Daily digest market movers: Pound Sterling drops while US Dollar advances

  • The Pound Sterling extends its correction to 1.2600 on cautious market sentiment. Deepening Middle East tensions and easing Federal Reserve rate cut expectations for June after upbeat the United States NFP report for March have promoted recovery in the US Dollar.
  • The US Dollar Index (DXY) bounces back from a two-week low of 103.90. The killing of seven members of Iran’s Islamic Revolutionary Guard Corps (IRGC) by air strikes from Israeli forces in Damascus has deepened fears of Iran’s direct involvement in the Israel-Palestine war. 
  • The Pound Sterling falls as investors hope the Bank of England will pivot to rate cuts in June due to easing price pressures. Expectations for the BoE to reduce rates from June were reinforced after BoE Governor Andrew Baily said that market expectations for two or three rate cuts this year are reasonable.
  • Meanwhile, the United Kingdom’s soft Services PMI data for March, released on Thursday, has impacted the economic outlook. The Services PMI fell to 53.1, missing expectations and the prior reading of 53.4. Tim Moore, Economics Director at S&P Global Market Intelligence, said: "The recovery in service sector output lost a little bit of momentum during March, and more so than suggested by the flash PMI results, but the overall picture remains reasonably positive.”

Technical Analysis: Pound Sterling faces sell-off near 1.2680

The Pound Sterling falls further after retreating from its two-week high of 1.2680. The GBP/USD pair fails to sustain above the 20-day and 50-day Exponential Moving Averages (EMAs), which trade around 1.2660. Meanwhile, the 200-day EMA at 1.2566 continues to provide support.

On a broader time frame, the horizontal support from December 8 low at 1.2500 would provide further cushion to the Pound Sterling. Meanwhile, the upside is expected to remain limited near an eight-month high of around 1.2900.

The 14-period Relative Strength Index (RSI) rebounds above 40.00 after slipping below it. This should not be considered as a “bullish reversal” until it decisively breaks above 60.00.

Pound Sterling FAQs

The Pound Sterling (GBP) is the oldest currency in the world (886 AD) and the official currency of the United Kingdom. It is the fourth most traded unit for foreign exchange (FX) in the world, accounting for 12% of all transactions, averaging $630 billion a day, according to 2022 data. Its key trading pairs are GBP/USD, aka ‘Cable’, which accounts for 11% of FX, GBP/JPY, or the ‘Dragon’ as it is known by traders (3%), and EUR/GBP (2%).
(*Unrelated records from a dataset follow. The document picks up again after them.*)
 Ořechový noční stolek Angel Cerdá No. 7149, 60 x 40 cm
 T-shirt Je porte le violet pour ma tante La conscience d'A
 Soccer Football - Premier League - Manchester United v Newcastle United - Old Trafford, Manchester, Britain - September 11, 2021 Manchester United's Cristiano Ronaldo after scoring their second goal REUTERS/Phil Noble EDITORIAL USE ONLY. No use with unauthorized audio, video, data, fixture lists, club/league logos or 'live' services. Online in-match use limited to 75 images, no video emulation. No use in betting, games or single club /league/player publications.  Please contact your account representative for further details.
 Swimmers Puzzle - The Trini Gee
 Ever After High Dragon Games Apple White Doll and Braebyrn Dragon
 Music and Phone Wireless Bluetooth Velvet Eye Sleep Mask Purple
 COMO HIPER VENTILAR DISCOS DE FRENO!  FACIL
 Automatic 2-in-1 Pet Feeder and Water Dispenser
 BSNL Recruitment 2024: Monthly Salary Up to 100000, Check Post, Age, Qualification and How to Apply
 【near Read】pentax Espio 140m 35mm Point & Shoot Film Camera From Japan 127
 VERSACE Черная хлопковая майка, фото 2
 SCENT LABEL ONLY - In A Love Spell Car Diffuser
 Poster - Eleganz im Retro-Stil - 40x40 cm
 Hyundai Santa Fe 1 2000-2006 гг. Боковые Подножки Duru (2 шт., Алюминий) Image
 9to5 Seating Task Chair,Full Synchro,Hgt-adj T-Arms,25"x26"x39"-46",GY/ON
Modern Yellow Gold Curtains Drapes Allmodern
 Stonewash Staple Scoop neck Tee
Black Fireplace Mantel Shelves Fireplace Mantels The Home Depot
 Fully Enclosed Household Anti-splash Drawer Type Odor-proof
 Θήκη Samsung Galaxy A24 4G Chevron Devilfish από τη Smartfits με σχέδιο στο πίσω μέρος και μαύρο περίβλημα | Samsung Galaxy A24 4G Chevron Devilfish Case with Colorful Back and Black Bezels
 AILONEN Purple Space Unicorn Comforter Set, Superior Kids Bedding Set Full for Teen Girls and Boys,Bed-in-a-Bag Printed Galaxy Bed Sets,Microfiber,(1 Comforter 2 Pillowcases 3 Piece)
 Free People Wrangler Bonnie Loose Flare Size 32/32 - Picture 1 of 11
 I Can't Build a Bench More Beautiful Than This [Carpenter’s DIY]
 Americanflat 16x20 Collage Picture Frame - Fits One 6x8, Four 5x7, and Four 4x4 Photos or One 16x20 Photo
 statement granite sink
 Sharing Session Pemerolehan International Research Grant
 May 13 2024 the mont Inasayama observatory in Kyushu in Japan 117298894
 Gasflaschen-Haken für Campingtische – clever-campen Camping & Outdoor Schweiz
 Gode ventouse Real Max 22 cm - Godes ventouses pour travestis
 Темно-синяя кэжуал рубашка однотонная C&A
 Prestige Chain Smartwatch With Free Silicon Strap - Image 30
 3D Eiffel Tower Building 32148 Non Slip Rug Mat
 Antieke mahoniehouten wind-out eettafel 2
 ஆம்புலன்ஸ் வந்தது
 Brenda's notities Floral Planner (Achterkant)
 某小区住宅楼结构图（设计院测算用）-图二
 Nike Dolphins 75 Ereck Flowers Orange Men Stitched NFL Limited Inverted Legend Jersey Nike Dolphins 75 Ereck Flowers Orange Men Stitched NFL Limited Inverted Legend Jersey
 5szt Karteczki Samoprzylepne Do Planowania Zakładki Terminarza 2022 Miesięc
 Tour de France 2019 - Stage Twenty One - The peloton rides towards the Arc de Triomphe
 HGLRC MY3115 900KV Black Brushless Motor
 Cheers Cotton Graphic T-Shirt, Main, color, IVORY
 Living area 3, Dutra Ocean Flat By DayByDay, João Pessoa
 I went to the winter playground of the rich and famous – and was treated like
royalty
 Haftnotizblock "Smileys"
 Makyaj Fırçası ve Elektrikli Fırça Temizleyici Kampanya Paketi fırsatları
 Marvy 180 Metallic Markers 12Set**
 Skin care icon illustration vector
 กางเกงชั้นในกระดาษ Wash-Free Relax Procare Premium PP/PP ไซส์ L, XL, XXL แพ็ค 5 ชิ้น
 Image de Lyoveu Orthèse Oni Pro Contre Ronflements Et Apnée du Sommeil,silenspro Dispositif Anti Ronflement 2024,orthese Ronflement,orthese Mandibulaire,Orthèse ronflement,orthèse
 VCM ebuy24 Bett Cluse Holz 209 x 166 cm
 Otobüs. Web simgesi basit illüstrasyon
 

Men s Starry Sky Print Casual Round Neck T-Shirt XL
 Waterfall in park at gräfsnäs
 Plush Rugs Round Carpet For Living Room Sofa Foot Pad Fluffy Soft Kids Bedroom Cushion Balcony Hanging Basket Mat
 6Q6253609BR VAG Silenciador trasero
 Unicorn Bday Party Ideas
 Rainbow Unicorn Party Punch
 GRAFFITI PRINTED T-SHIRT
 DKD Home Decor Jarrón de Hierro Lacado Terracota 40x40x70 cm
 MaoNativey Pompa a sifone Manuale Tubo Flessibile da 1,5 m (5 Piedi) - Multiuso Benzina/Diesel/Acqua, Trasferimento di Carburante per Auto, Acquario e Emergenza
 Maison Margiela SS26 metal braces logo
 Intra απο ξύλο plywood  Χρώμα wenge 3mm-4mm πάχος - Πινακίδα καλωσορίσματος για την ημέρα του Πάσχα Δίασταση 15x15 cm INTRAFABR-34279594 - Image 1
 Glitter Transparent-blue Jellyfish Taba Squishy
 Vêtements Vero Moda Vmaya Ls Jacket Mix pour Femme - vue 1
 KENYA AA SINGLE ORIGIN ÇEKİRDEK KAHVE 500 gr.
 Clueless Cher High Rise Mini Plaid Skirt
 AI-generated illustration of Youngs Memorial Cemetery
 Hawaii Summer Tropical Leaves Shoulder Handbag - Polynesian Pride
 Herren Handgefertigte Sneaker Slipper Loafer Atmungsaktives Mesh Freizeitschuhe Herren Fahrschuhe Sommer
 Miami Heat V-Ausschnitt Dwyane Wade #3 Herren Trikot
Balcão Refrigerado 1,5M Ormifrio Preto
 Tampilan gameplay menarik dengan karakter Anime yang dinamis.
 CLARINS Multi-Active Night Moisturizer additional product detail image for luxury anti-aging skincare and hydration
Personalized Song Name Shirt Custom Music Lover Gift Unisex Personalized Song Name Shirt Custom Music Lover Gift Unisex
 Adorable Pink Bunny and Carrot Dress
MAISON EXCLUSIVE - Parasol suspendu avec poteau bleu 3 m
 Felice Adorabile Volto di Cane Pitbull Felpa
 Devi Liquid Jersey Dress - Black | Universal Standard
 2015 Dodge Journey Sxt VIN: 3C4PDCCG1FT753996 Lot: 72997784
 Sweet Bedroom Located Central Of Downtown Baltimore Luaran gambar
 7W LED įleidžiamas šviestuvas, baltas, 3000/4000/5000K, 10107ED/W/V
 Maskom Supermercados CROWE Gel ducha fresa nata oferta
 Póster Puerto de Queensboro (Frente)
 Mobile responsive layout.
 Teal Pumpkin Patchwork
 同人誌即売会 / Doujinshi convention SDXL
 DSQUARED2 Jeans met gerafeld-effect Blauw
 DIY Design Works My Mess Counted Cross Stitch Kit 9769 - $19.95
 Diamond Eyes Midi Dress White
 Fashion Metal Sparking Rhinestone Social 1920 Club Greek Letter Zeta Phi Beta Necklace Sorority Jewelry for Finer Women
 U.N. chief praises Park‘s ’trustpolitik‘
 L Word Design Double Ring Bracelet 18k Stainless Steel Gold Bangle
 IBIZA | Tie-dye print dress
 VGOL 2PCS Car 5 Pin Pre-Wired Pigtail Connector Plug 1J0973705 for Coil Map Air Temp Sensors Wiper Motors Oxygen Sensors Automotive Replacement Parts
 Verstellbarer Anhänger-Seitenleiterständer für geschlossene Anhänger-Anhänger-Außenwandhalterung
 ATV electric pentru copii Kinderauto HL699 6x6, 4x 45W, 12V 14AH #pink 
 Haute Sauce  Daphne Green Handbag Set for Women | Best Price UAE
The Pound Sterling is issued by the Bank of England (BoE).

The single most important factor influencing the value of the Pound Sterling is monetary policy decided by the Bank of England. The BoE bases its decisions on whether it has achieved its primary goal of “price stability” – a steady inflation rate of around 2%. Its primary tool for achieving this is the adjustment of interest rates. When inflation is too high, the BoE will try to rein it in by raising interest rates, making it more expensive for people and businesses to access credit. This is generally positive for GBP, as higher interest rates make the UK a more attractive place for global investors to park their money. When inflation falls too low it is a sign economic growth is slowing. In this scenario, the BoE will consider lowering interest rates to cheapen credit so businesses will borrow more to invest in growth-generating projects.

Data releases gauge the health of the economy and can impact the value of the Pound Sterling. Indicators such as GDP, Manufacturing and Services PMIs, and employment can all influence the direction of the GBP. A strong economy is good for Sterling. Not only does it attract more foreign investment but it may encourage the BoE to put up interest rates, which will directly strengthen GBP. Otherwise, if economic data is weak, the Pound Sterling is likely to fall.

Another significant data release for the Pound Sterling is the Trade Balance. This indicator measures the difference between what a country earns from its exports and what it spends on imports over a given period. If a country produces highly sought-after exports, its currency will benefit purely from the extra demand created from foreign buyers seeking to purchase these goods. Therefore, a positive net Trade Balance strengthens a currency and vice versa for a negative balance.